Dans les films comportant de nombreux gros plans de bonne qualité, on a souvent l'impression que l'observation est le fait non pas d'un bon œil, mais d'un bon cœur. C'est ainsi qu'ils rayonnent d'une chaleur, d'un lyrisme médiatisé dont l'importance artistique particulière consiste en ce qu'ils émeuvent sans tomber dans la sentimentalité. Ce lyrisme reste impersonnel, objectif. Le sentiment de tendresse envers les choses est éveillé sans en recevoir le nom[17].

Avec le gros plan contrastant avec les plans moyens et larges (ce qu'aucun autre art ne peut faire), les choses deviennent des acteurs et l'art filmique un art de l'accentuation de l'expression et un art du sublime, non le sublime kantien qui ouvre l'esprit au suprasensible, mais un sublime contemporain, un sublime sans transcendance ni chimères, ni mythes, un sublime qui consisterait en la monstration d'expériences sensibles et affectives qui choquent nos modes habituels de perception du monde et qui leur font violence alors même que c'est la réalité qui est enregistrée et qui est ainsi montrée et aimée comme le lieu d'une infinité d'expériences nouvelles.

Dans la Recherche, Proust toujours lui, utilise le modèle de l'image photographique pour décrire l'expérience, si troublante pour chacun, du baiser (dans le texte, le baiser s'effectue de façon moins troublante sur les joues) :

D'abord, au fur et à mesure que ma bouche commença à s'approcher des joues que mes regards lui avaient proposé d'embrasser, ceux-ci se déplaçant virent des joues nouvelles ; le cou, aperçu de plus près et comme à la loupe, montra, dans ses gros grains, une robustesse qui modifia le caractère de la figure. Les dernières applications de la photographie […] je ne vois que cela qui puisse, autant que le baiser, faire surgir de ce que nous croyions une chose à aspect défini, les cent autres choses qu'elle est tout aussi bien, puisque chacune est relative à une perspective non moins légitime. […] comme si, en accélérant prodigieusement la rapidité des changements de perspective et des changements de coloration que nous offre une personne dans nos diverses rencontres avec elle, j'avais voulu les faire tenir toutes en quelques secondes pour recréer expérimentalement le phénomène qui diversifie l'individualité d'un être et tirer les unes des autres, comme d'un étui, toutes les possibilités qu'il enferme, dans ce court trajet de mes lèvres vers sa joue, c'est dix Albertines que je vis ; cette seule jeune fille étant comme une déesse à plusieurs têtes, celle que j'avais vue en dernier, si je tentais de m'approcher d'elle, faisait place à une autre[18].

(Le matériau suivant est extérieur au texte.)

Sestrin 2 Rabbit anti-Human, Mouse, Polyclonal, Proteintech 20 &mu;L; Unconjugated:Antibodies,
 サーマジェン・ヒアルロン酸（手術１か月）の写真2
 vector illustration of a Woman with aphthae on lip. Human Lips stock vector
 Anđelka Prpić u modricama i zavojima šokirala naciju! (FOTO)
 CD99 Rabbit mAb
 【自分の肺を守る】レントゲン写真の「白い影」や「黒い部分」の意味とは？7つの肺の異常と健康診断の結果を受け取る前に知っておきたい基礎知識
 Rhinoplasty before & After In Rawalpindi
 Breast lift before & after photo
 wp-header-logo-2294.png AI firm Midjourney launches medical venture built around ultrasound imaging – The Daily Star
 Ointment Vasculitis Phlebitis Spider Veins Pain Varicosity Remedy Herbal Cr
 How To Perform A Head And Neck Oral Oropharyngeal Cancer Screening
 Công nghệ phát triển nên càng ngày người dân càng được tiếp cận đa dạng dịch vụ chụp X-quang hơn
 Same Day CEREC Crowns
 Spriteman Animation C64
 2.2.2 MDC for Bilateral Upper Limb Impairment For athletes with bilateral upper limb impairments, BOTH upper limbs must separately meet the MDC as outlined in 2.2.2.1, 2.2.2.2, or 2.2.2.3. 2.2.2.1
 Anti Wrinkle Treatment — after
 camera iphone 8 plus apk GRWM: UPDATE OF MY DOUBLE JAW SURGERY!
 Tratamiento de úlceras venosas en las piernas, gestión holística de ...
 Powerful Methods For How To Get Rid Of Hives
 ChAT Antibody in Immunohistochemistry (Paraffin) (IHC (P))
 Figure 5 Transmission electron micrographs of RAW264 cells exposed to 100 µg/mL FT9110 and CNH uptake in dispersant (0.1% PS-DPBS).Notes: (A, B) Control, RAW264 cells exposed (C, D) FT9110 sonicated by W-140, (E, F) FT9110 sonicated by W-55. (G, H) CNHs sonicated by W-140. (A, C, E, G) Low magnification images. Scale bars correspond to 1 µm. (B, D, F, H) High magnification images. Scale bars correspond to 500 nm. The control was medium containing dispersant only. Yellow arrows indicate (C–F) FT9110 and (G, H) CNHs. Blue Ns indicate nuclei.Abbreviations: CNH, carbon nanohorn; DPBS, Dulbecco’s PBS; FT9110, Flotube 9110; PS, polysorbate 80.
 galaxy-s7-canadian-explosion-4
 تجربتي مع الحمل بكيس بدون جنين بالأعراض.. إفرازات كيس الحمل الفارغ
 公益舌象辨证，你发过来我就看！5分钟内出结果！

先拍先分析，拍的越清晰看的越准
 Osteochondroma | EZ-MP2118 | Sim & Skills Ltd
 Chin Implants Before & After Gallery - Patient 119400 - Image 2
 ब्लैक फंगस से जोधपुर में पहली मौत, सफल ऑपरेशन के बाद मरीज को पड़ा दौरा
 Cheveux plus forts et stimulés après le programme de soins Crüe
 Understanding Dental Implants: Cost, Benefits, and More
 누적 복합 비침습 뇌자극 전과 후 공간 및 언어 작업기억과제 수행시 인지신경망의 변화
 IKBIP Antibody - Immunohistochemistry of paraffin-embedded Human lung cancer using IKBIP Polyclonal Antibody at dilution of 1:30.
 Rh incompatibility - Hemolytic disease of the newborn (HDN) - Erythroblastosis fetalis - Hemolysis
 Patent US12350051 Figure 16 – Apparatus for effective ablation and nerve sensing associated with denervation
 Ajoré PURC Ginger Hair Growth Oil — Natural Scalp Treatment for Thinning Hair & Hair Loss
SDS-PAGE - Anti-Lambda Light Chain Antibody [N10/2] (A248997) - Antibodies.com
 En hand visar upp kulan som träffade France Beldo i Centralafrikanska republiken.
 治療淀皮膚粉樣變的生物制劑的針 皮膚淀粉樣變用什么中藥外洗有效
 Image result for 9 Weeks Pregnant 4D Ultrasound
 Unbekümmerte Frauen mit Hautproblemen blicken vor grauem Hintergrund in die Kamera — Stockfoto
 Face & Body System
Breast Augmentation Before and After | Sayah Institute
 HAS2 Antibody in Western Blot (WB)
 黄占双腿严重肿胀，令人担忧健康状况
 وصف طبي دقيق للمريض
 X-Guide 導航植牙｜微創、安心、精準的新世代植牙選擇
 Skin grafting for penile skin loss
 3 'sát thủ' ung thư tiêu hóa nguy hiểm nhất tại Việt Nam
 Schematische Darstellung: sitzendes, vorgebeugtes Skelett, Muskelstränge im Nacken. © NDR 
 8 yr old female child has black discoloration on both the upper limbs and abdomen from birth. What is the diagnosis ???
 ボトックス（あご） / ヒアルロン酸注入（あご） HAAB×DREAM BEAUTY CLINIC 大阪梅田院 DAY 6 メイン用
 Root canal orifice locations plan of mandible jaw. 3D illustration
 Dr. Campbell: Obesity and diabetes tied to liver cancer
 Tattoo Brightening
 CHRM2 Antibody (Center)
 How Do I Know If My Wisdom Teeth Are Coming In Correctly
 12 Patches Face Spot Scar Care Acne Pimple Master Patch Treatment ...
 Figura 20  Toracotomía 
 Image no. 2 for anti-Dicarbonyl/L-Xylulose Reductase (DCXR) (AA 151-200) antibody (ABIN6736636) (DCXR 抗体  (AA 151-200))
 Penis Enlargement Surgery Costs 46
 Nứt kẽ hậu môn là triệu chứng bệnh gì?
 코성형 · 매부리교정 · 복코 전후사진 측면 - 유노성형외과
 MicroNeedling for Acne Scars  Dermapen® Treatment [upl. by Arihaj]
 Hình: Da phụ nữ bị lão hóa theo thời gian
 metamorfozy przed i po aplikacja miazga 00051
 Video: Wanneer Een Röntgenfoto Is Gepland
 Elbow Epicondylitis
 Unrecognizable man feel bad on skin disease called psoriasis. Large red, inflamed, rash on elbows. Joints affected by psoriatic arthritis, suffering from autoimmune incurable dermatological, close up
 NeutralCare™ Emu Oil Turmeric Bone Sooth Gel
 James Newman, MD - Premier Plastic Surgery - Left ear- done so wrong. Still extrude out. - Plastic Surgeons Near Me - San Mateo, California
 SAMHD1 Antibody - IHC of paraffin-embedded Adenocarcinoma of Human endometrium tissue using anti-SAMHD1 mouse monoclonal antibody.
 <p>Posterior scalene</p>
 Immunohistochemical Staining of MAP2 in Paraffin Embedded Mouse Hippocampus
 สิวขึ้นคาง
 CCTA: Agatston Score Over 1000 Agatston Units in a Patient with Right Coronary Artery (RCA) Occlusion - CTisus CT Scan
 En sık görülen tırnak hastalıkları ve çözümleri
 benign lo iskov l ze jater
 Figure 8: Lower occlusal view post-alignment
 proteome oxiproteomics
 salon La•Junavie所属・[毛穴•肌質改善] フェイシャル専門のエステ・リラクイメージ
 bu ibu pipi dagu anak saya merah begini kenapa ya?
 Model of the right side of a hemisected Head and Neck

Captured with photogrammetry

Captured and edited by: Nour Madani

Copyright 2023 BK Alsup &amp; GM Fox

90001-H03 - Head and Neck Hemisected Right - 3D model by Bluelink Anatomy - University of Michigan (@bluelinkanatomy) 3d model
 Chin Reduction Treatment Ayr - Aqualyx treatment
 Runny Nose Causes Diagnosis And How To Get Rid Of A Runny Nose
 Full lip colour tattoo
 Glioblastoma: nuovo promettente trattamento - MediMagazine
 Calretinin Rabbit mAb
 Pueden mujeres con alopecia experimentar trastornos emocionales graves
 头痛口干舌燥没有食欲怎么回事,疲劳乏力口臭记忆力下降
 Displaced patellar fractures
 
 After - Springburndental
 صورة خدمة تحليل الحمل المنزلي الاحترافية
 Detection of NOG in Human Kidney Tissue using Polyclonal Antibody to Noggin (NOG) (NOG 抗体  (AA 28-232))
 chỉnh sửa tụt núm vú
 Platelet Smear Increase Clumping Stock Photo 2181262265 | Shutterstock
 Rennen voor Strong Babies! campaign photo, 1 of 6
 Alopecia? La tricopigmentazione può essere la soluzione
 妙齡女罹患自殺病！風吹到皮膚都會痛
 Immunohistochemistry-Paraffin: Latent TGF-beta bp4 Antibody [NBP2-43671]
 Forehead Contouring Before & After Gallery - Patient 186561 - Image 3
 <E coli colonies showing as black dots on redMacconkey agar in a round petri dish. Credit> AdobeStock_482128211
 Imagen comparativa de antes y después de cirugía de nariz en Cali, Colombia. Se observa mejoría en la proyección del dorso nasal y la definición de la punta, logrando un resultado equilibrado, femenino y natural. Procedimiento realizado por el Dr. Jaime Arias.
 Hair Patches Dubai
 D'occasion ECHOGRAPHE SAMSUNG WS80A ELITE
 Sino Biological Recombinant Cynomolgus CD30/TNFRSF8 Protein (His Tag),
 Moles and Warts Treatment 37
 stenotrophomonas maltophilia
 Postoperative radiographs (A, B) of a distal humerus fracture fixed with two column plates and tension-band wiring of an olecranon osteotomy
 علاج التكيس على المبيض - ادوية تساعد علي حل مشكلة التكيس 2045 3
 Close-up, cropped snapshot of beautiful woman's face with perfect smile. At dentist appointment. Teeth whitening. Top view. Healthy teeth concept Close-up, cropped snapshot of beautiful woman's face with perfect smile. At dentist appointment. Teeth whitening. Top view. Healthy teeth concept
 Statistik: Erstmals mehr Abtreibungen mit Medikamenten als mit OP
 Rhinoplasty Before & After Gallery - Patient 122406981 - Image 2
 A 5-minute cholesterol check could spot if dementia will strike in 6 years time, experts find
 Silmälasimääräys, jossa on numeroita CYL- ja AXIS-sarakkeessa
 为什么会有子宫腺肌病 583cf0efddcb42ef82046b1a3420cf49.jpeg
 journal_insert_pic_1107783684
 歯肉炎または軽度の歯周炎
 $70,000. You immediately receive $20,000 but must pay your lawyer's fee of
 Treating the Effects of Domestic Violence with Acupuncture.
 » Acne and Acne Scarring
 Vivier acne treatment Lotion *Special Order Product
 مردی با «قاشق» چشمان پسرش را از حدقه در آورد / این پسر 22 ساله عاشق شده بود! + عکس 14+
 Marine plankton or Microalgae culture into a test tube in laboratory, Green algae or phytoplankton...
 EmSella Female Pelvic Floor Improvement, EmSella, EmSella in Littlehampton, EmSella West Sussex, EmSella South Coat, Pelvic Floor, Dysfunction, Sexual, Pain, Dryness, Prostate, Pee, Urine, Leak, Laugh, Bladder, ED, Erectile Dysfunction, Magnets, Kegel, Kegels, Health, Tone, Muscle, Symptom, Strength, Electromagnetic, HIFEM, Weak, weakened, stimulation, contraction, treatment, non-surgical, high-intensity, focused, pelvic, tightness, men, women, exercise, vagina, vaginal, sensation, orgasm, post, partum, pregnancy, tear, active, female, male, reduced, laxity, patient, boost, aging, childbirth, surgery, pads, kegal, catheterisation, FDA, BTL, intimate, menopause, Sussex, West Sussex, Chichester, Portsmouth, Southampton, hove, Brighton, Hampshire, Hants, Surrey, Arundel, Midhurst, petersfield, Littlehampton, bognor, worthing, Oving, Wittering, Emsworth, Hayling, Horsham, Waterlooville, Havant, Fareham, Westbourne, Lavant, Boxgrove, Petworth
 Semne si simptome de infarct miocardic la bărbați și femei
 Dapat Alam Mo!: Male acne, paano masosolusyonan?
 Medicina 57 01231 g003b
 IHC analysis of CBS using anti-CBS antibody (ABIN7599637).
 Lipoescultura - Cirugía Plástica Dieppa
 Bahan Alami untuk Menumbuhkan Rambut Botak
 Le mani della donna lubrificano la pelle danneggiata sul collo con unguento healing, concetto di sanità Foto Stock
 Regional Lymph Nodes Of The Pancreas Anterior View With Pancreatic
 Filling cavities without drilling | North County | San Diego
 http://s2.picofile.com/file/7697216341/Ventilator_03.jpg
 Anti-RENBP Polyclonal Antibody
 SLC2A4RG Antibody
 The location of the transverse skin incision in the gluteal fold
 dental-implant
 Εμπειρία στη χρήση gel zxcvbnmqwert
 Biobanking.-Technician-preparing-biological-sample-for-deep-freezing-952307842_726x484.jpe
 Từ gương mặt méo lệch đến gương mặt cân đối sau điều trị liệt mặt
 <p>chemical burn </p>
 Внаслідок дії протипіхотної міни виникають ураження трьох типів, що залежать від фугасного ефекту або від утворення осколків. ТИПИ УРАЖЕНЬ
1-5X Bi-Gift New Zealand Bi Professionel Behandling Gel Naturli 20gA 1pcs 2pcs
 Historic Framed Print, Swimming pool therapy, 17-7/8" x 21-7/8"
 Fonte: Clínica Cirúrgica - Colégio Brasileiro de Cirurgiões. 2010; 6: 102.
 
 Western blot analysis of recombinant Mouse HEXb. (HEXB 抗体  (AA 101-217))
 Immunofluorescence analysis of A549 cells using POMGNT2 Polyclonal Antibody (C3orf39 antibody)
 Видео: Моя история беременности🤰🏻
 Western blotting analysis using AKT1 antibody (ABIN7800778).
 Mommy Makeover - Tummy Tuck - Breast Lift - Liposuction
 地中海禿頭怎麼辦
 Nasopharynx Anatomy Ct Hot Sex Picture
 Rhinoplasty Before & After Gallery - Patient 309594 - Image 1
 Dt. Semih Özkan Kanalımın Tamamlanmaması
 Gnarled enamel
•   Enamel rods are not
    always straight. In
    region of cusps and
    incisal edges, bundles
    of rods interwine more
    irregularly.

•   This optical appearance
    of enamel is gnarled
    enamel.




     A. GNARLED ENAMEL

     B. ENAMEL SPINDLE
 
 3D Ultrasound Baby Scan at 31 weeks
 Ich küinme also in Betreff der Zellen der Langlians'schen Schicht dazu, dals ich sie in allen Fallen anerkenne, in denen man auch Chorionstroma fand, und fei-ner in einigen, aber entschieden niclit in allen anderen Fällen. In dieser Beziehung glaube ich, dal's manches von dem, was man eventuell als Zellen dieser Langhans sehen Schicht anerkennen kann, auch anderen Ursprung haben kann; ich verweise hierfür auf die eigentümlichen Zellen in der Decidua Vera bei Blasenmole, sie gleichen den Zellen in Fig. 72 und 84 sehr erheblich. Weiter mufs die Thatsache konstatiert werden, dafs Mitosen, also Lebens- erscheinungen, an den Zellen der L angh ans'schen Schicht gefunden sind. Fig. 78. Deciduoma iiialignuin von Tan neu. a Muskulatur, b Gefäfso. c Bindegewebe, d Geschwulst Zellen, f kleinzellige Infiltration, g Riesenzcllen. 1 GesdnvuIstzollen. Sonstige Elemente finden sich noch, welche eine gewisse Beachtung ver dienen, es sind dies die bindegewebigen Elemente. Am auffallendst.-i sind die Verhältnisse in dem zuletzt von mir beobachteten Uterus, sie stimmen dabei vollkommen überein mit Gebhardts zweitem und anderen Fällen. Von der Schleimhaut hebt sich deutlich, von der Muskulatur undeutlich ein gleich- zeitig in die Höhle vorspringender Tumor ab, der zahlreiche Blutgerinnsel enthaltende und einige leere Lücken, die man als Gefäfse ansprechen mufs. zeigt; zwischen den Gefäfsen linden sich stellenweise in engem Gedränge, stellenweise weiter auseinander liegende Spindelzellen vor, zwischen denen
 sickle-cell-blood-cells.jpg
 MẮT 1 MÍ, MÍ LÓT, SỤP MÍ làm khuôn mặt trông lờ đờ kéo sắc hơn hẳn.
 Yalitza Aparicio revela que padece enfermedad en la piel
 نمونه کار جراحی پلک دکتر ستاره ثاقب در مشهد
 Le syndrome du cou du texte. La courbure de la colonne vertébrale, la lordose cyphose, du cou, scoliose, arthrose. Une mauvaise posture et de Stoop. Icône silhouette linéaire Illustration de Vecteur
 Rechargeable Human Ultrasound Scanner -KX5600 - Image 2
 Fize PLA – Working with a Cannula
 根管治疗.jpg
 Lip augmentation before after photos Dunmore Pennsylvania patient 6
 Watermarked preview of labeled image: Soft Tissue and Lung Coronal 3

Proust utilise la photographie afin de faire comprendre notre propre perception du baiser à même sa labilité et à même la démultiplication des aspects qu'elle recèle (tel ici est le véritable trouble). Inversement, il utilise la description de la perception du baiser pour faire comprendre la logique diversifiante de la photographie. Cette entre-compréhension de la photo par le baiser et du baiser par la photo, m'apparaît maintenant valoir infiniment plus pour les rapports entre le baiser et le cinéma dont les scènes de baiser sont évidemment légion et dont certaines sont légendaires. J'ai alors l'impression que, si le cinéma filme volontiers le baiser, c'est évidemment parce que le baiser est émouvant par lui-même et l'occasion de toutes les identifications et projections de la part du spectateur, mais aussi et peut-être surtout, parce qu'en filmant le baiser (sous tous ses aspects, par d'infinies manières et au moyen de tous les plans), il filme sa propre puissance d'émotion et d'expressivité, quels que soient l'objet ou la scène filmés. Dès lors, le cinéma serait capable de faire coïncider « l'universel reportage » de la captation des choses et des corps, avec l'imitation, non plus des choses, mais des effets subjectifs qu'elles produisent sur le metteur en scène et sur le spectateur. Au sein de l'exploration attentive d'un réel foisonnant – exploration que permettent les mouvements de caméra, les mouvements des zooms, les mouvements du montage des différents plans —, s'ouvriraient alors toutes les perspectives de fiction ; et cela sans nécessairement de narration. Au sujet de son film Une femme est une femme sorti en 1961, Godard déclarait :

Si je m'analyse aujourd'hui, je vois que j'ai toujours voulu, au fond, faire un film de recherche [le « côté Lumière » qui est le côté documentaire] sous forme de spectacle [le « côté Méliès » qui est le côté de la fiction]. Le côté documentaire c'est : un homme dans telle situation. […] Le côté spectacle vient, dans Une Femme est une femme, de ce que la femme est une comédienne […][19].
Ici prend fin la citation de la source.